## DATASET EXTRACT:
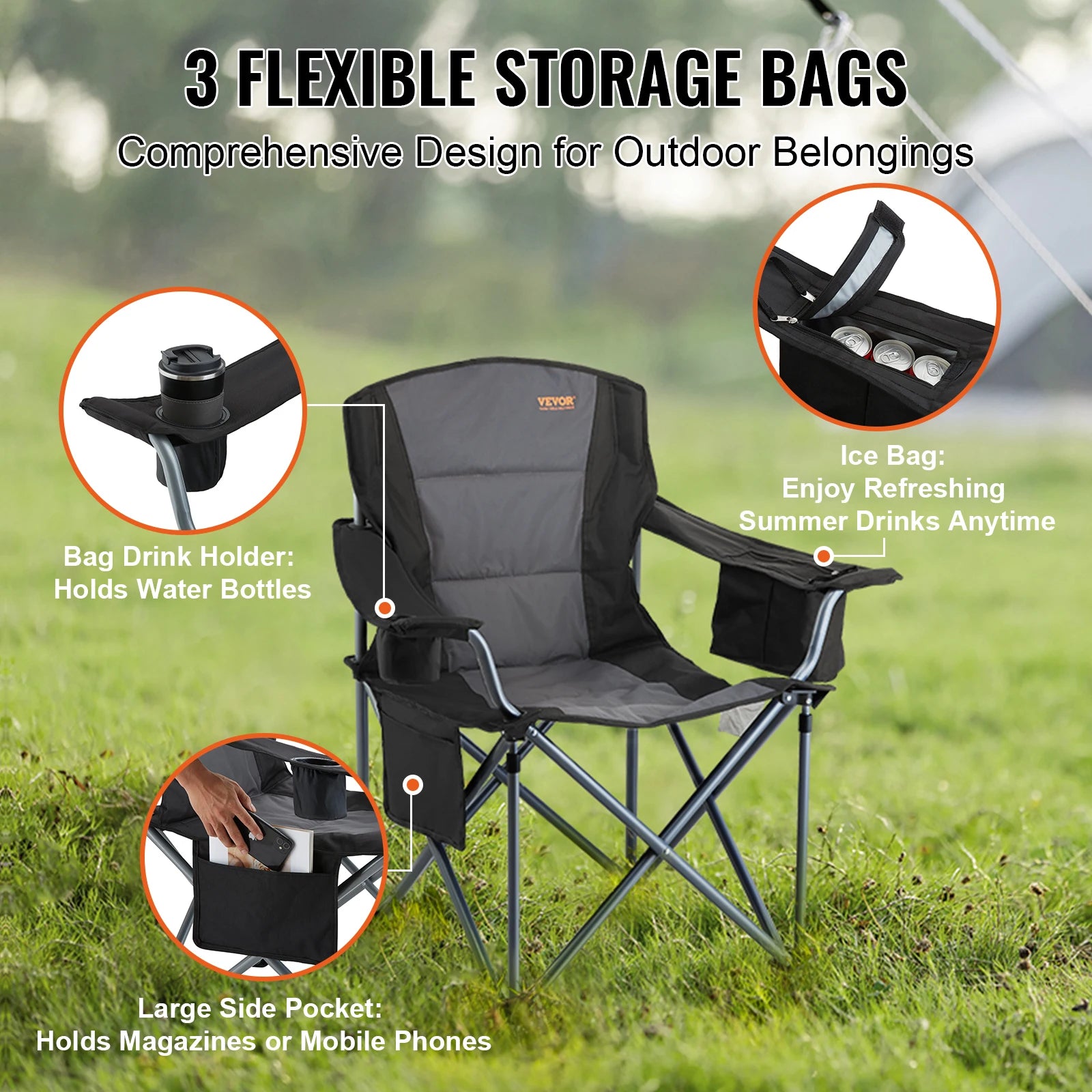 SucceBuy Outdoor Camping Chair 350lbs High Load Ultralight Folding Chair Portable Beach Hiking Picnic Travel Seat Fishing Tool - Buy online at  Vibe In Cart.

* * *

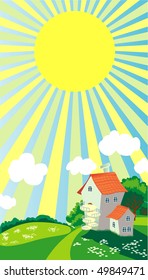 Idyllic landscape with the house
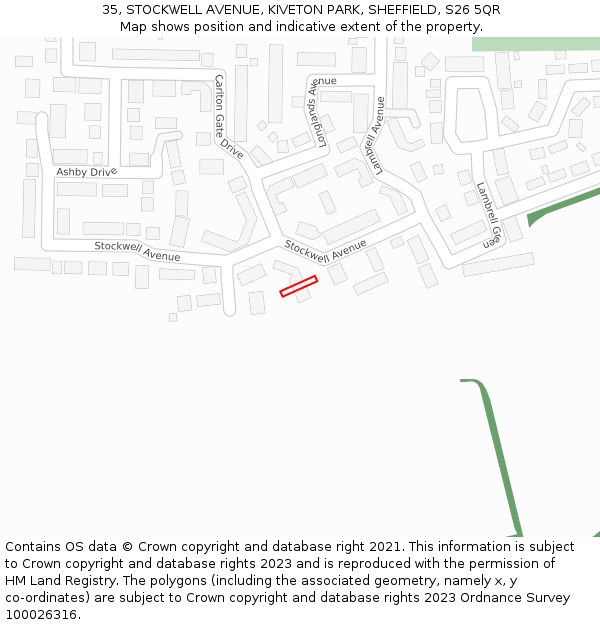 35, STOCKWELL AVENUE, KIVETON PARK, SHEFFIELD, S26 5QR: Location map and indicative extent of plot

---

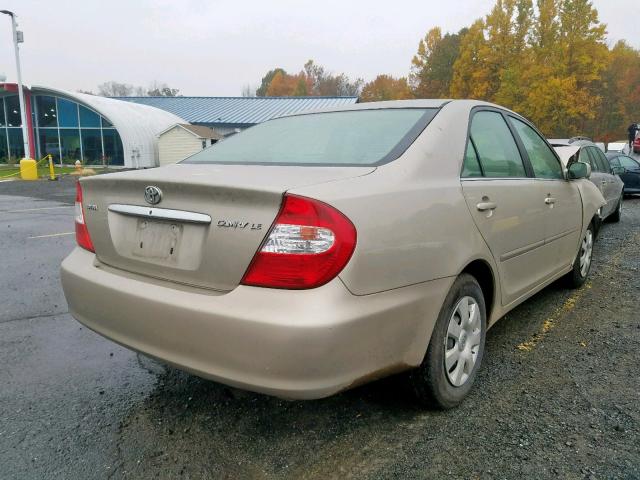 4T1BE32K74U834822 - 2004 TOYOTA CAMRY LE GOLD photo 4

## PROBLEM REQUIREMENTS:
Copy out the lines above from the line containing "Idyllic landscape with the house" through the line containing "35, STOCKWELL AVENUE, KIVETON", exactly, and keep the pictures out.

## SOLUTION TO THE EXERCISE:
 Idyllic landscape with the house
 35, STOCKWELL AVENUE, KIVETON PARK, SHEFFIELD, S26 5QR: Location map and indicative extent of plot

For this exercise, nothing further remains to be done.